Ce matin, les lapins sont peu nombreux mais ça me fait du bien d’être « à la maison », comme mon amour appelle le spot : ça me donne l’illusion que si je cesse de guetter les lapereaux, la main en visière, je n’ai qu’à me pencher vers elle pour l’embrasser, respirer sa peau et plonger dans son regard noir intense (genre chocolat noir à 85%). Je salue aussi son poney rouillé.
(Où sont lapins ?)
Ce soir, après avoir écrit plusieurs pages sur les terrils, je rends visite à Danny (pas trace de sa poulette), il est super content de sa demi-carotte bio (on fait moitié-moitié, mon ami et moi) mais le fermier voisin vend ses produits et des gens commencent à faire la queue sur la route, alors je m’éloigne en apnée. (Je n’ai pas encore dit, je crois, combien j’étais devenue forte en apnée. Dès lors que je suis obligée de croiser quelqu’un sur un trottoir, je tourne la tête à 90° dans le sens opposé, tout en retenant mon souffle, de vingt mètres avant à vingt mètres après.) Je rentre avant l’orage.
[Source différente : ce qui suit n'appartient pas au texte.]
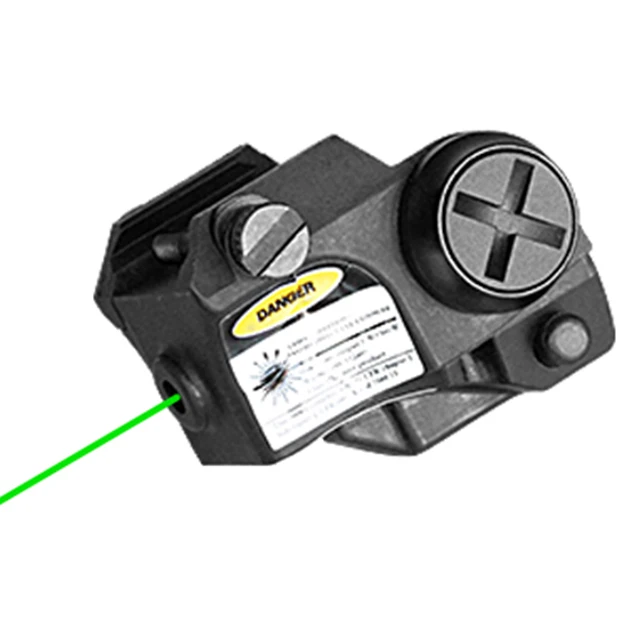 

Low profile subcompact green laser designator for glock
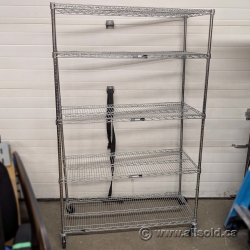 Rolling Stainless Steel Wire Racking Shelving Unit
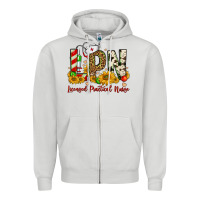Dove Grey christmas lpn licensed practical nurse Zipper Hoodie - FaDigitalArtStudio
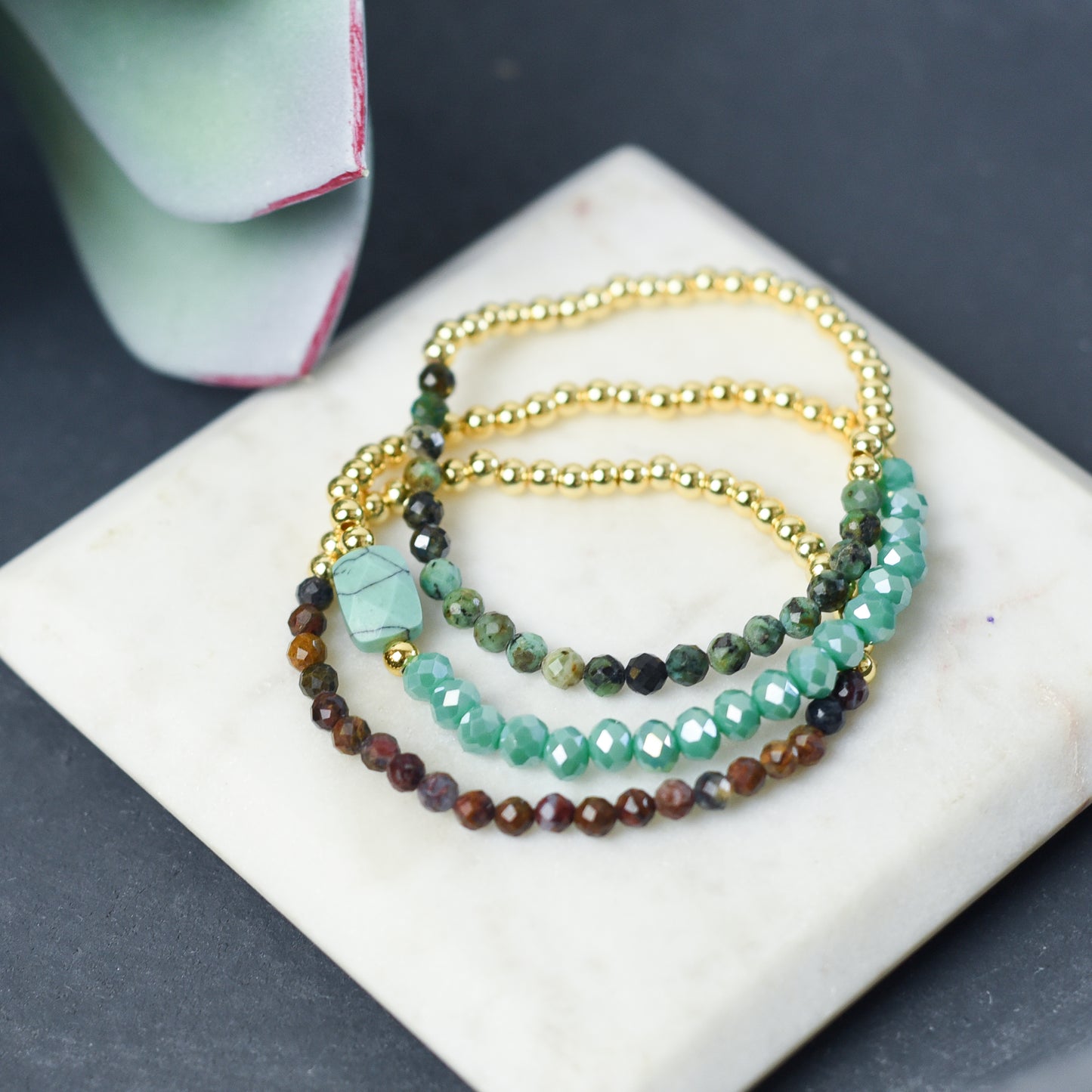 Natural Stone and Bead Stretch Bracelet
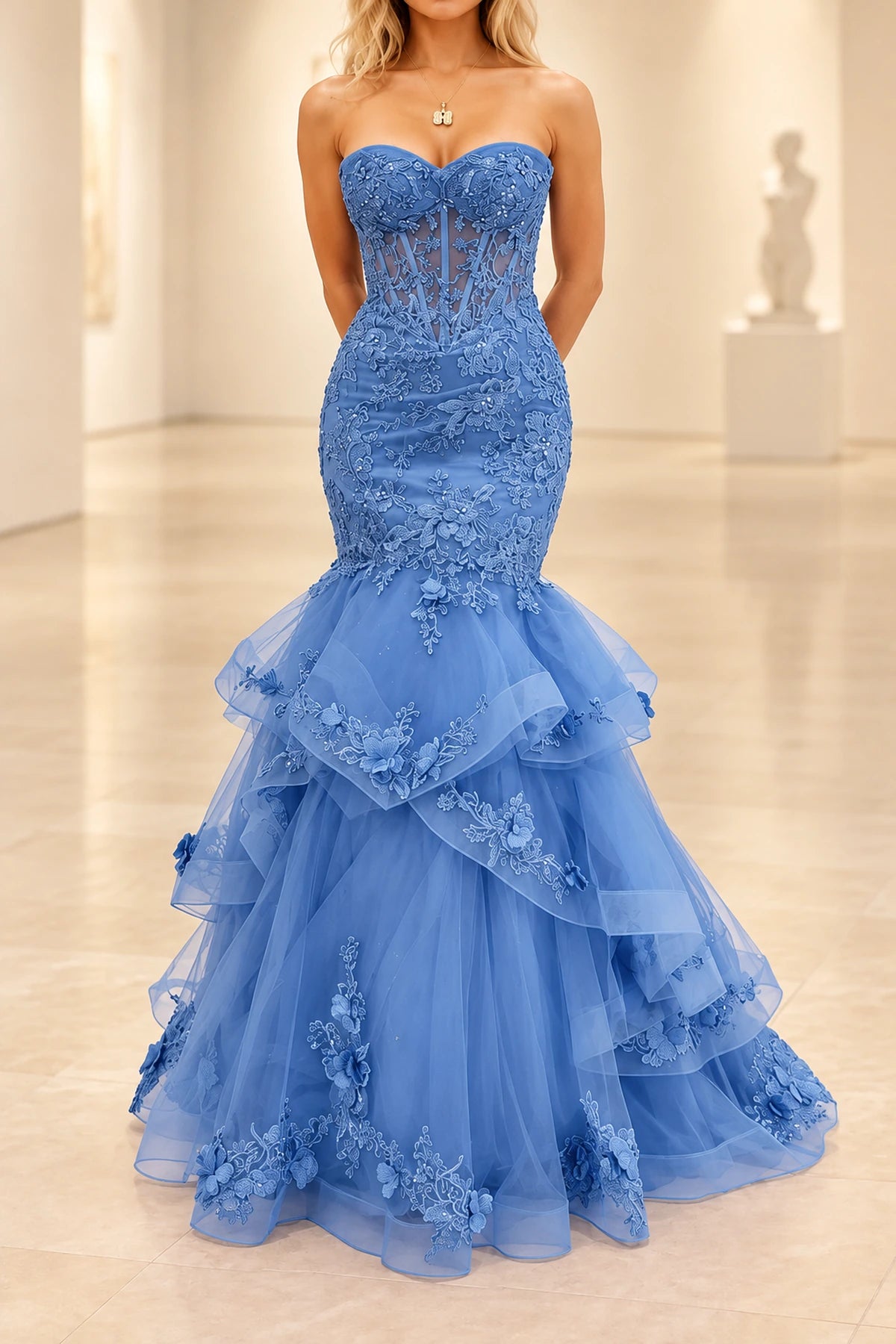 Romantic Tulle Mermaid Sweetheart Strapless Low-Back Floor-Length Prom Dress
Le conseil lecture du jour
Je vous donnerais bien, pour une fois, un bon vieux conseil lecture des familles, avec un nom d’auteur, un titre, un éditeur et un prix à virgule. Je pensais à ce livre en courant ce matin, parce qu’il serait à la fois un conseil de lecture et un conseil d’écriture : quand je l’ai lu, je me suis dit que chacun devrait en écrire sa version. Son auteur vit dans le même département que moi, nous nous entendons bien ; sa fille a fait partie d’un groupe qui mélangeait punk et krautrock avec beaucoup de talent ; un jour, alors que nous allions faire une lecture à l’Hybride (Lille), il m’a offert celui de ses livres que je vous aurais bien conseillé aujourd’hui, et qui à l’époque venait de paraître en poche. Ce faisant, il m’a dit « Je pense que ça pourrait te plaire » et c’est effectivement mon préféré de lui. Trouvez l’auteur et le titre du roman dont il est question et gagnez ma considération pour vos dons de détective.